(DATA SHOWN)

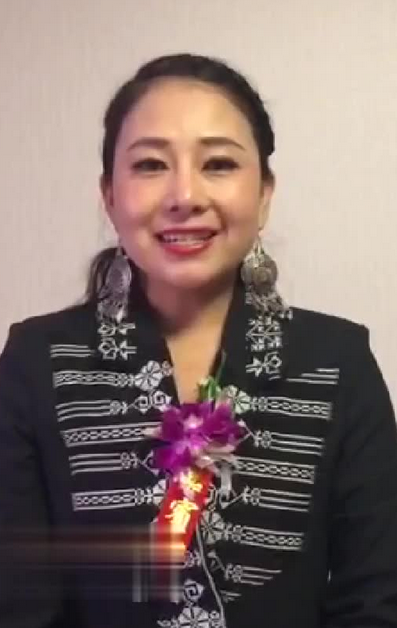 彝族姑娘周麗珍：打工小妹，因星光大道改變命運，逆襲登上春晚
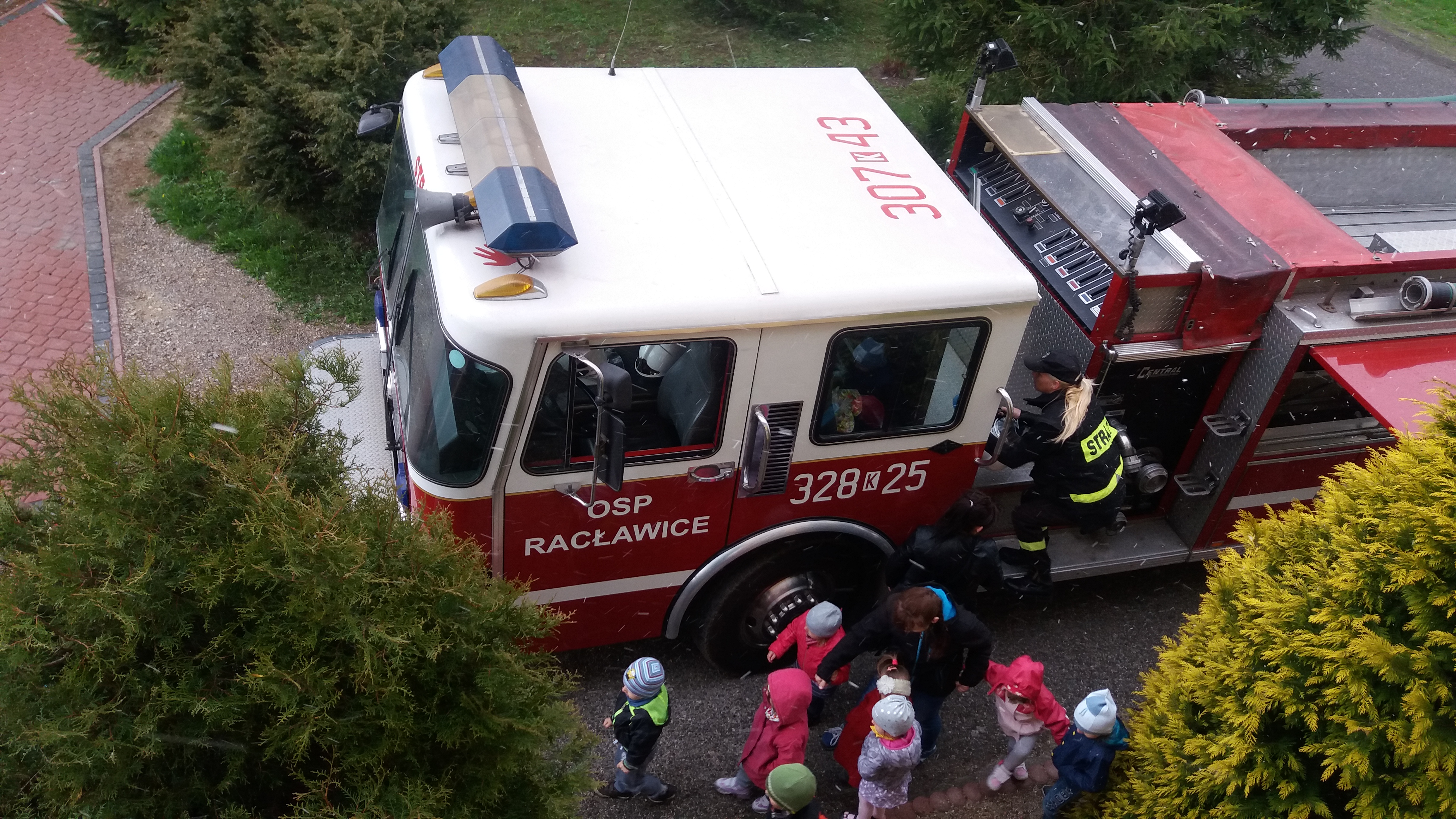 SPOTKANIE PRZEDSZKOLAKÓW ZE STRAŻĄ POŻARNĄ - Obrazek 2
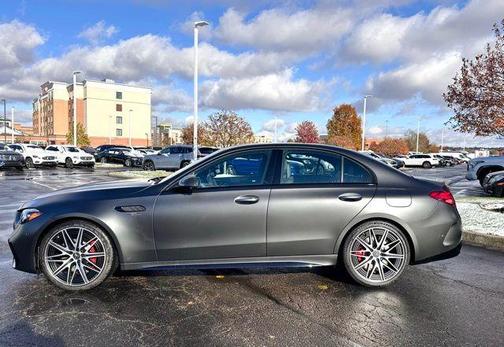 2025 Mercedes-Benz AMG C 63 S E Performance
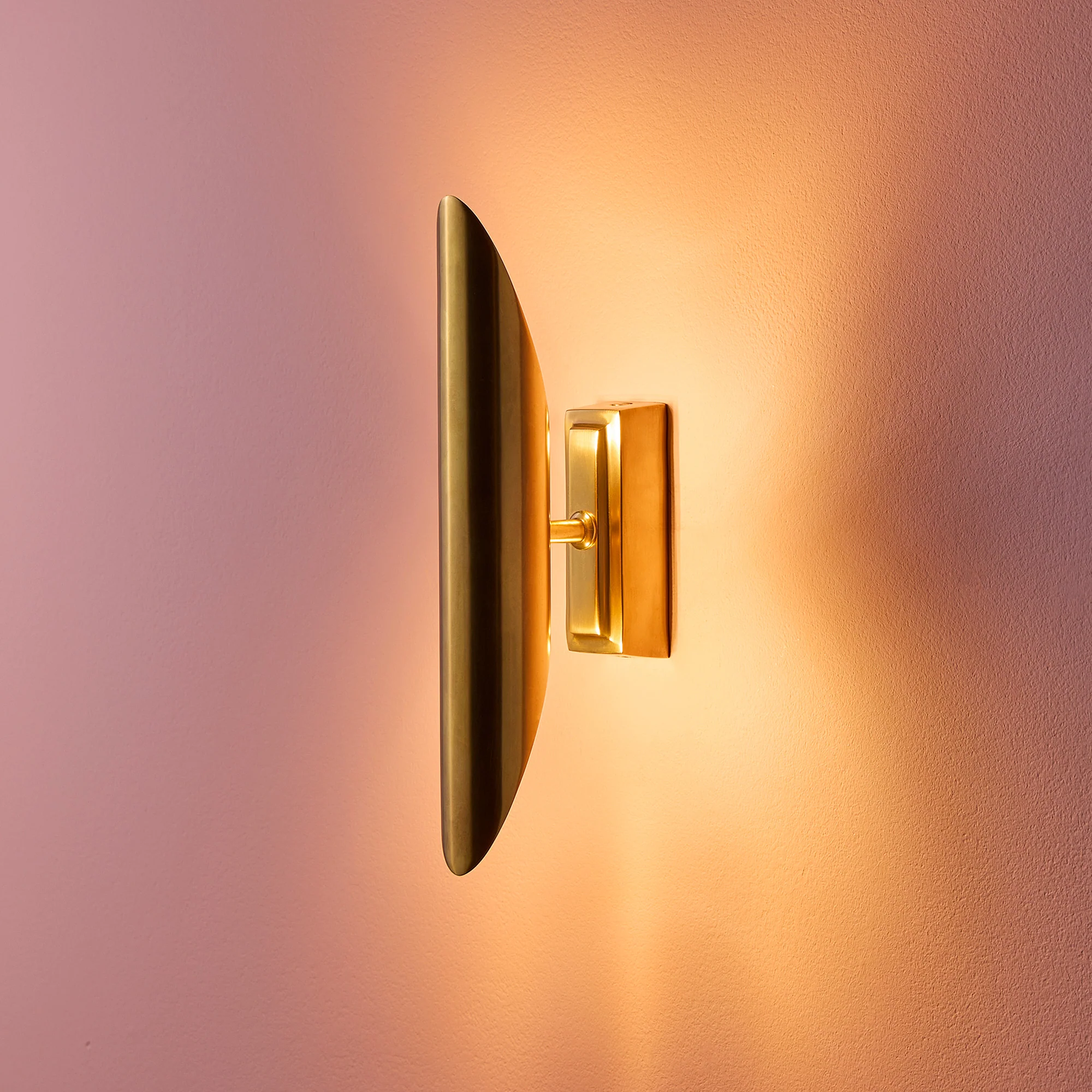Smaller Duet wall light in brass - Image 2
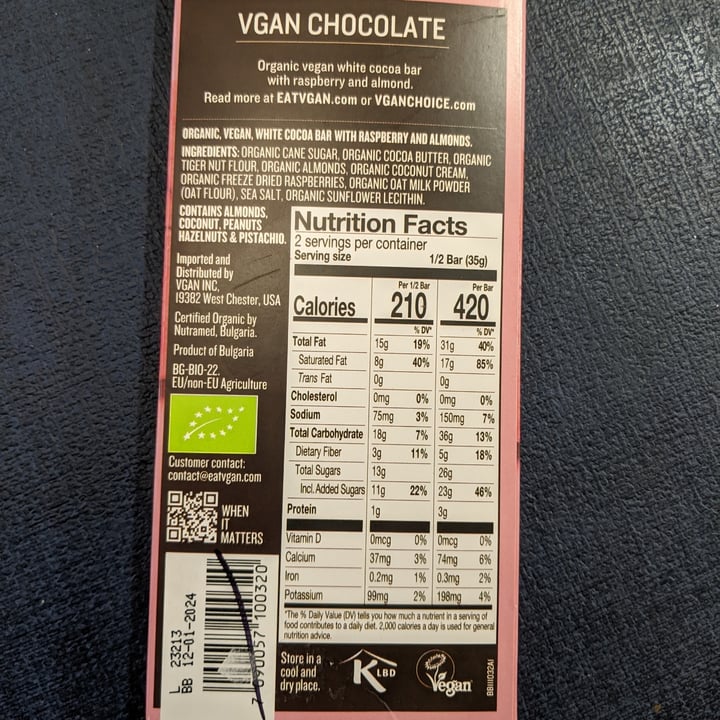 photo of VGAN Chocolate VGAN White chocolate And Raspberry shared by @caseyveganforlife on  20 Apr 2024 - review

(End DATA SHOWN)

WORK TO BE COMPLETED
Every entry above is to be transcribed exactly, with all pictures left out.

TASK ANSWER
 彝族姑娘周麗珍：打工小妹，因星光大道改變命運，逆襲登上春晚
 SPOTKANIE PRZEDSZKOLAKÓW ZE STRAŻĄ POŻARNĄ - Obrazek 2
 2025 Mercedes-Benz AMG C 63 S E Performance
Smaller Duet wall light in brass - Image 2
 photo of VGAN Chocolate VGAN White chocolate And Raspberry shared by @caseyveganforlife on  20 Apr 2024 - review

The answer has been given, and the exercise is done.